Перед комнатой Минны Мама на минутку останавливается и прислушивается… Наконец закрывается последняя дверь, и теперь доносятся только приглушённые звуки из-за стенки…

Минна лежит, вытянувшись во весь рост, на своей постели, запрокинув голову и чувствуя, как зрачки увеличиваются в темноте. Ей не страшно. Она подстерегает все шорохи, как маленький ночной зверёк, и лишь тихонько скребёт по простыне пальцами ног.

На цинковый выступ окна каждую секунду падает дождевая капля, тяжёлая и равномерная, как шаги полицейского, идущего вверх по тротуару.

«Как меня раздражает этот полицейский! – думает Минна. – К чему пригодны люди, которые так топают? Те люди… Братья из Бельвиля и Аристокры… они ступают бесшумно, как кошки, и их нельзя услышать. Они носят спортивные туфли или мягкие вышитые тапочки… Бесконечный дождь! Я думаю, им тоже пришлось укрыться! Но всё-таки где они, Базиль и тот, другой, главарь Аристокров, Кудрявый? Бежали и спрятались в какой-нибудь заброшенной шахте. Не знаю, есть ли здесь шахты… О, этот отвратительный топот! Чап, чап, чап! А вдруг за ним кто-нибудь крадётся, чтобы всадить нож в его гнусный затылок! Прямо перед нашей дверью! Ах, как закричала бы утром Селени: „Мадам, мадам! Перед нашей дверью лежит убитый полицейский!“ Она наверняка хлопнется в обморок!»

И Минна, свернувшись калачиком на своей белой постели, так что шелковистые волосы раскидываются по подушке, открыв крохотное ушко, засыпает с лёгкой улыбкой на устах.

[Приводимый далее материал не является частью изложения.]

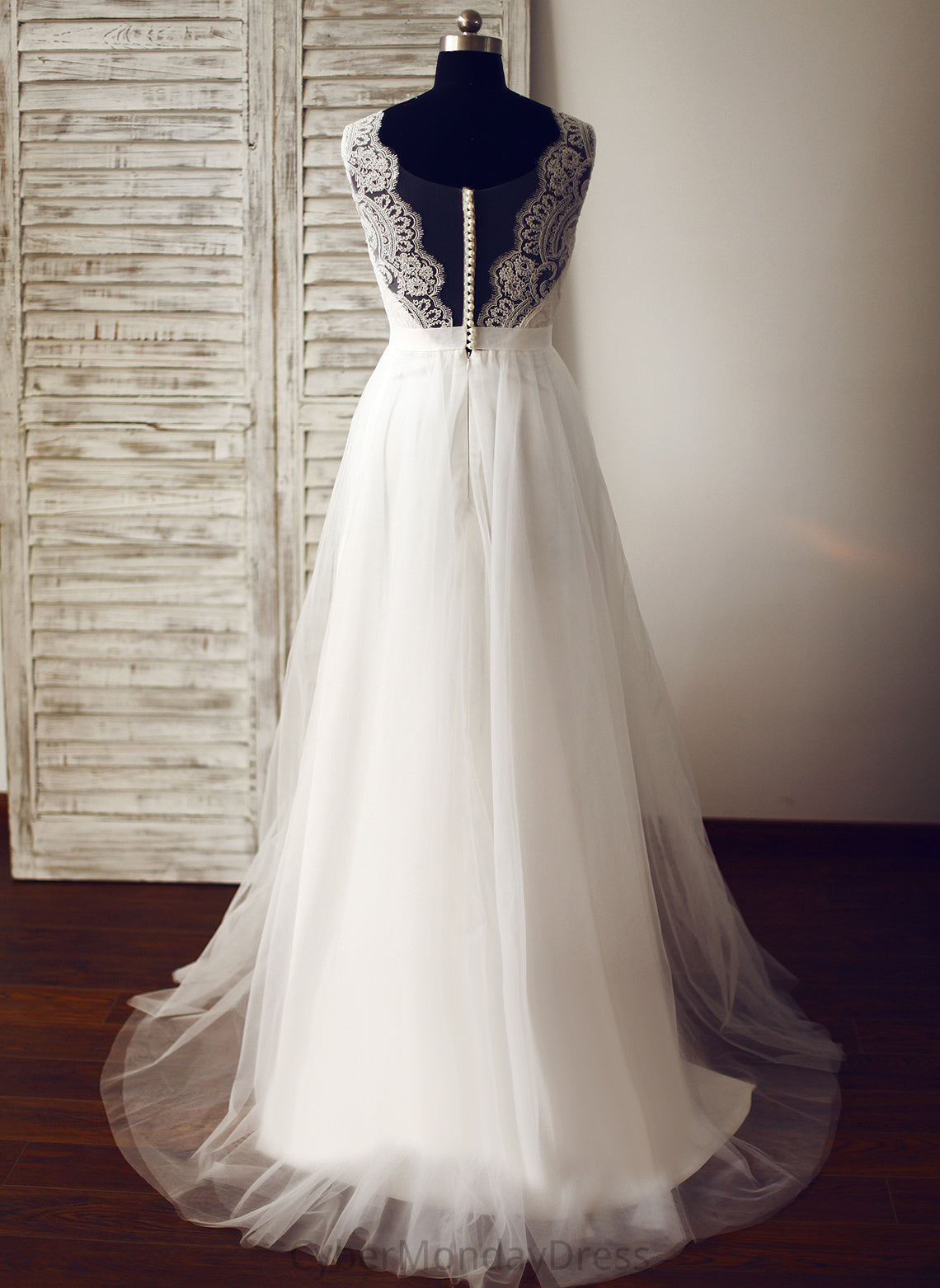 A-Line Lace Dress Wedding Haven Tulle V-neck Wedding Dresses Train Sweep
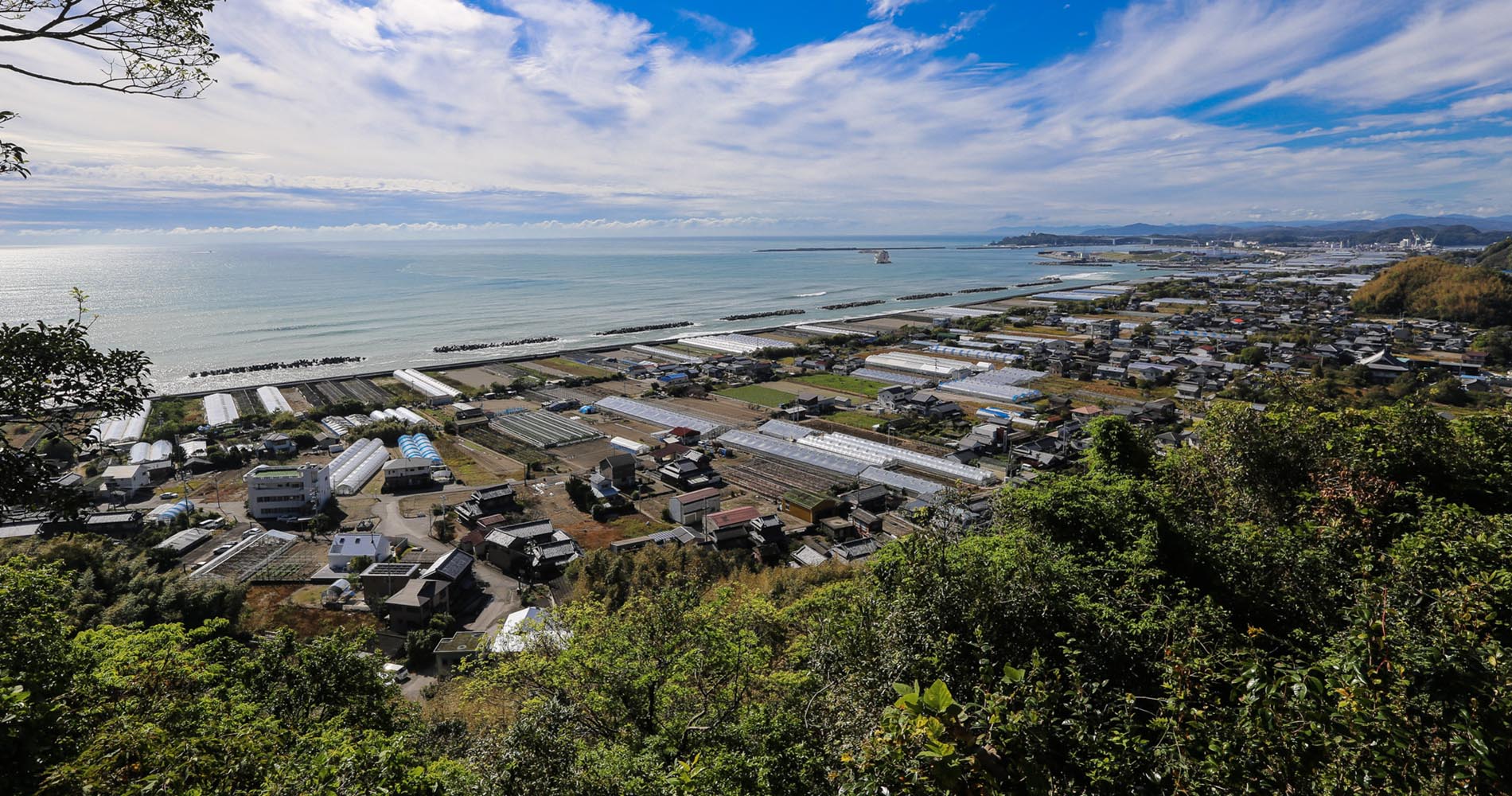 Ville de Nankoku et baie de Tosa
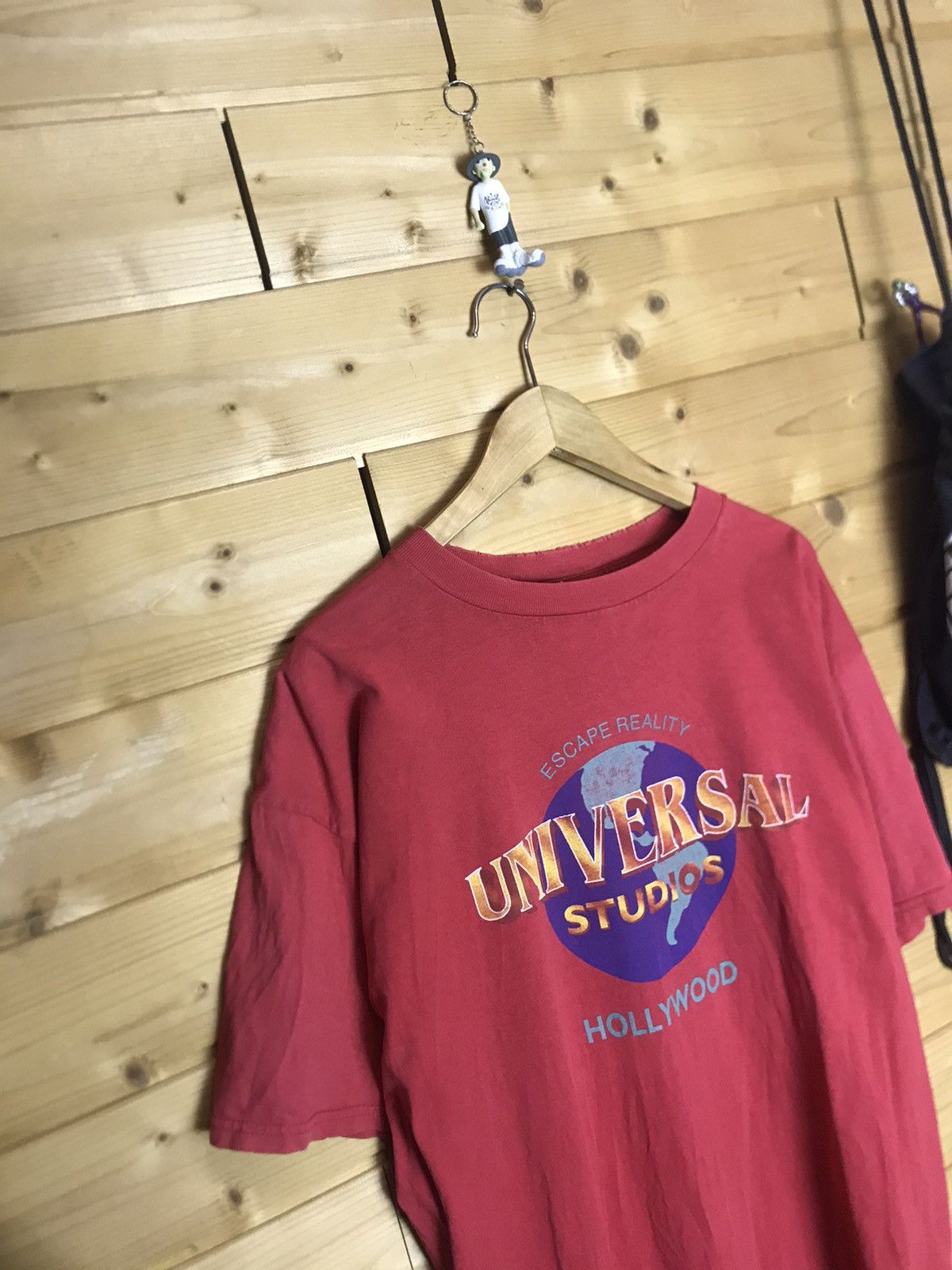 Vintage Vintage Universal Studios Hollywood escape reality t-shirt Size US XL / EU 56 / 4 - 2 Thumbnail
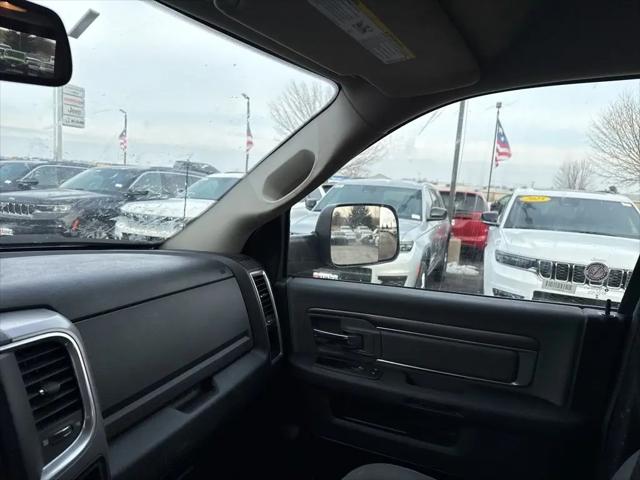 2023 Ram 1500 Classic SLT Crew Cab 4x4 5'7" Box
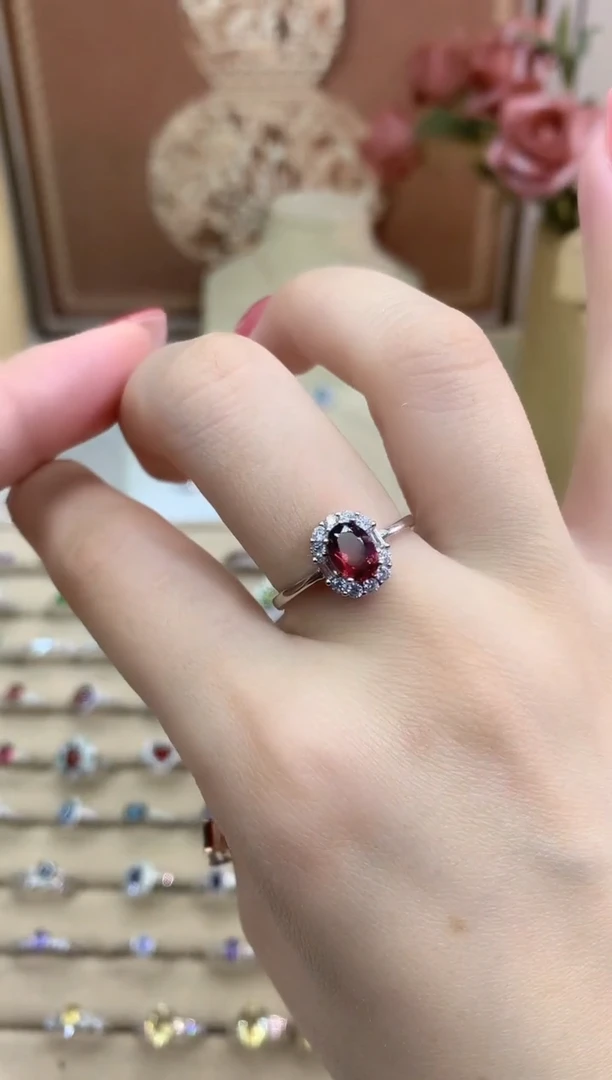 银S925镶嵌戒指石榴石大豆蔻石榴石戒指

Минна спит, а Мама предаётся раздумьям. В этой маленькой и такой хрупкой девочке, что находится за стеной, заключён весь смысл существования госпожи… впрочем, какое значение имеет её имя? Эту молодую робкую вдову, очень привязанную к дому, зовут просто Мама. Десять лет назад Маме казалось, что горе из-за внезапной смерти мужа никогда не иссякнет; но затем страдания поблёкли в золотистой тени волос Минны, трогательной в своей беззащитной уязвимости… Еда для Минны, платья для Минны, учителя для Минны – у Мамы не было ни минутки, чтобы подумать о чём-нибудь другом! Она занималась этим с радостью и тревогой, лишь возраставшими с ходом времени.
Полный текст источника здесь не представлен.